Kapının yumruk ve tekmelere maruz kalmasıyla, bütün vücudum titremeye başlamıştı. Adamın parmakları dudaklarımın üzerinden ayrılırken, çene kısmımda hala ağırlığını hissedebiliyordum. Elini öyle sıkı bastırmıştı ki, dudaklarımın üst kısmı uyuşmuştu. Hızla yanımdan ayrılıp benden uzaklaşırken, dışarıdan gelen erkek sesini duydum.
Adam bir yandan kapıyı yumruklamaya devam ederken diğer yandan, "Ateş, kapıyı açsana oğlum" diye bağırıyordu.

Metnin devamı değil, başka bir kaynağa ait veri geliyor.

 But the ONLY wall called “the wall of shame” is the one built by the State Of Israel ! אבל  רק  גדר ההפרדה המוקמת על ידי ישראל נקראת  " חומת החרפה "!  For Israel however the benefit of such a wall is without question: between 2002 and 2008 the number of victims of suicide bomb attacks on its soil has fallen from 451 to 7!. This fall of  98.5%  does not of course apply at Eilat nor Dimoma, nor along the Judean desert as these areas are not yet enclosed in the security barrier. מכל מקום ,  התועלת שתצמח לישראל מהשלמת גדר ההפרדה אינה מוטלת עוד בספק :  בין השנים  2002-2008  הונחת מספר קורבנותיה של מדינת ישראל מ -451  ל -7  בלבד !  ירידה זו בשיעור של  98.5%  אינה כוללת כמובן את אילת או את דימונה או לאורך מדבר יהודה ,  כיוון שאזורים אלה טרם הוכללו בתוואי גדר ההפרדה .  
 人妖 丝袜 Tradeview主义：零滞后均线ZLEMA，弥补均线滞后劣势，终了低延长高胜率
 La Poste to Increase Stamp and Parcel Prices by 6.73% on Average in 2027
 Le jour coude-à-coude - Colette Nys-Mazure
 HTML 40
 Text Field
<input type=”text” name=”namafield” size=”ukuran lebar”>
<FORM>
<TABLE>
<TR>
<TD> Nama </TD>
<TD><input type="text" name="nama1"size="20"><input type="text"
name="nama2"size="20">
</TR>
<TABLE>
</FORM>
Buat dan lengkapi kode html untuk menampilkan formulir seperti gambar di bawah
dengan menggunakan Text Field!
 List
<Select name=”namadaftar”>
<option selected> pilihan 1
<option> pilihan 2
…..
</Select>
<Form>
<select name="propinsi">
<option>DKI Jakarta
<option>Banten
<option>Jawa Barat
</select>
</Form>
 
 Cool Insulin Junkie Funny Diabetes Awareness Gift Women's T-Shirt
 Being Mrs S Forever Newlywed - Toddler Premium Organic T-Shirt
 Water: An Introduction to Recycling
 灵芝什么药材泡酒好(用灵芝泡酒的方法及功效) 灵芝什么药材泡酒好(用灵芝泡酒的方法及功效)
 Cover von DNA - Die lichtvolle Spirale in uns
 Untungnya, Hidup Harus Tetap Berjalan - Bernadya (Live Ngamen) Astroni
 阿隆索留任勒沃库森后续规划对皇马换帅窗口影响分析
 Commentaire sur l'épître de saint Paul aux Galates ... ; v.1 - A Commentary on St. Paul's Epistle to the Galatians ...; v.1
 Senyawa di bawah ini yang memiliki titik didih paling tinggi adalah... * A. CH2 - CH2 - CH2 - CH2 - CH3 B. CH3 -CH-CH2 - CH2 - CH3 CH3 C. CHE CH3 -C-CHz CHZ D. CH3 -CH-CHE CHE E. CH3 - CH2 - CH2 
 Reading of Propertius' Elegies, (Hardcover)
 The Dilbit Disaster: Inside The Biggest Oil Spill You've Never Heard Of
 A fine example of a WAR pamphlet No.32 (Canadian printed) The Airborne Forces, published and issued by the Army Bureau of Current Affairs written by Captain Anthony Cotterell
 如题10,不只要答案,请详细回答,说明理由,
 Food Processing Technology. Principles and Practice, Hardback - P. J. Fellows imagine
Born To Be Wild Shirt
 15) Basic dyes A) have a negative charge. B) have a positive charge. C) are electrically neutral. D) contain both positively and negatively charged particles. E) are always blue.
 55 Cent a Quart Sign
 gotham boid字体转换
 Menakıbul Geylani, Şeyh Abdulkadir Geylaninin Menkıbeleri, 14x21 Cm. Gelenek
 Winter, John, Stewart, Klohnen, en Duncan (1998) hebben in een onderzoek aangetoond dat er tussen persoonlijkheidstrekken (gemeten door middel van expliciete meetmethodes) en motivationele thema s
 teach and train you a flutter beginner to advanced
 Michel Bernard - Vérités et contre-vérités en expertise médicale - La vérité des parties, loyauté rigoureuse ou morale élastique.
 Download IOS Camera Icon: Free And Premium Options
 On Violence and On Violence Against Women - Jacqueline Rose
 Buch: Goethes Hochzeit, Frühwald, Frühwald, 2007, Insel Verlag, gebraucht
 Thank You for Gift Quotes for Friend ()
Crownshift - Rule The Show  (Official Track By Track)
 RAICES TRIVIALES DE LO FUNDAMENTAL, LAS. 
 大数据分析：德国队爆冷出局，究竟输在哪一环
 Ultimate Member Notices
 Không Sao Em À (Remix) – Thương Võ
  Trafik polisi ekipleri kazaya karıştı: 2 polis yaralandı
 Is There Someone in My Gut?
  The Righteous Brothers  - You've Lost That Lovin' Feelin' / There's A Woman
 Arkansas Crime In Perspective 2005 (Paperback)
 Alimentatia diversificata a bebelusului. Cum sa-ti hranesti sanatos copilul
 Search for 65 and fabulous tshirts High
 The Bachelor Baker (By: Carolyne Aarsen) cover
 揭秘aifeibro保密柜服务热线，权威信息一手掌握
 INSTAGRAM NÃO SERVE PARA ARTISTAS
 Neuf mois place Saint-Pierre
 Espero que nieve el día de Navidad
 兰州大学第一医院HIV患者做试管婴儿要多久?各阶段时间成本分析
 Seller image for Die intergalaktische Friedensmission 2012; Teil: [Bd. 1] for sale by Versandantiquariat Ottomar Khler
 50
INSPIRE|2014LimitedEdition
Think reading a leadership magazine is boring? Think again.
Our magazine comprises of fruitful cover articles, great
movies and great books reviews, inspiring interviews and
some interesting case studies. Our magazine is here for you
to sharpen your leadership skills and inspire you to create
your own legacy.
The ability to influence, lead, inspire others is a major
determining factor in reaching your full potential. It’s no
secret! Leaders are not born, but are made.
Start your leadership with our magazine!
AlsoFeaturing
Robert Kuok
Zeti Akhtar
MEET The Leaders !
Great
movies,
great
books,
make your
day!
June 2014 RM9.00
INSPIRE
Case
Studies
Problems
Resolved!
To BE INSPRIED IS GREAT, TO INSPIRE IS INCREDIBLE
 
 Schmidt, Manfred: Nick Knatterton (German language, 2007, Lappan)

Kapının açılma sesini duydum önce. Tamamen cansız bir put gibi yerimde kalmıştım. Birbiri ardına gelen adım sesleri kulaklarıma dolduğunda, daha yakından gelmeye başlayan soluk soluğa bir ses, "Kız nerede? Bir şey yapmadın değil mi?" diye sordu.
Aynı anda adamın salonun giriş kapısındaki bedenini gördüm. Baştan aşağıya siyah giyinmiş, esmer bir adam. Büyük iri gözlerinin ortasında parlayan, saçlarından çok daha koyu irisler. Hayır, onu daha önce görmediğime emindim. Ama eğer aradığı kız ben isem, o beni tanıyor olabilirdi.
Arkasından gelen ev sahibi keyifli bir sesle, "Sadece bir kaç kere ona silah çektim ama ateş etmedim. En azından ona" dedi, kollarını göğsünde birleştirerek. Bunu öylesine pürüzsüz bir sesle söylemişti ki, şaşırmamak elde değildi.
Esmer olan adam siyah ceketini üstünden sıyırırken, "Halil abiye borcumu ödemeliyim" diye çıkıştı.
"Senin borcun, benim değil. Ayrıca o adi herifin..."
Esmer olan adam yeniden savunmaya geçip, "Ateş, kız burada" diye kükredi. Ses tonu uyarıcı olmakla beraber, sertti.
Ateş. Tam ismi kadar yakıcı bir öfkeyle, sanki ona bağıran benmişim gibi yüzüme baktı.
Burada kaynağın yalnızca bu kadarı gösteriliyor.